Lisa Will you please stop calling yourself an academic and working class (whatever than means) . Sociology is twaddle ( i have studied it at the OU) unlike a proper science and you clearly spend more on your hair and makeup then I make in 2 weeks. Not sure what your salary is as a lecturer but clearly more than the minimum wage which I am on. Your performance on Any Questions demonstrated a clear inability to speak proper English ;sort of thing like - know what I mean -you know like and a total lack of academic rigor (complete contrast to Comrade Kwarteng ). You seem to be stating human nature is shaped by free trade - debatable!
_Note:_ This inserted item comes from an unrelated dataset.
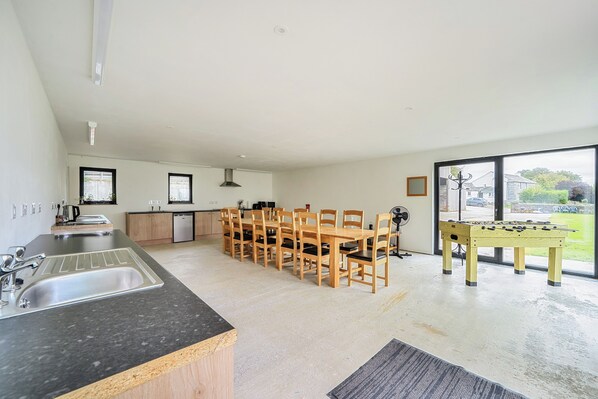 A modern kitchen with a dining area, a foosball table, and a view of the outdoors. - Yurt Sleeps 5 - Dogs Welcome - Bbq (Bodmin)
Have a glorious revolution and the Promise Land will arrive as if by magic. I would like a changed society - your goal will only result in a left-wing fascist state and the true working class will be the victims - ever heard of "The Terror" in France. Didn't go well in Venezuela i under Chavez did it? 400m Chinese have been lifted out of poverty due to "capitalism" - is that a good thing or bad if it costs British jobs. Your philosophy is very similar in many way to 'The Donald' - worrying! Mind you I think he has less tattoos than you (do you think people like me can afford to waste our very limited resources on such things) . Tell you one societal change I would like - all non-productive people from the boardroom downwards sacked and the salaries spent on proper jobs like nursing. I thank Any Questions for letting you speak.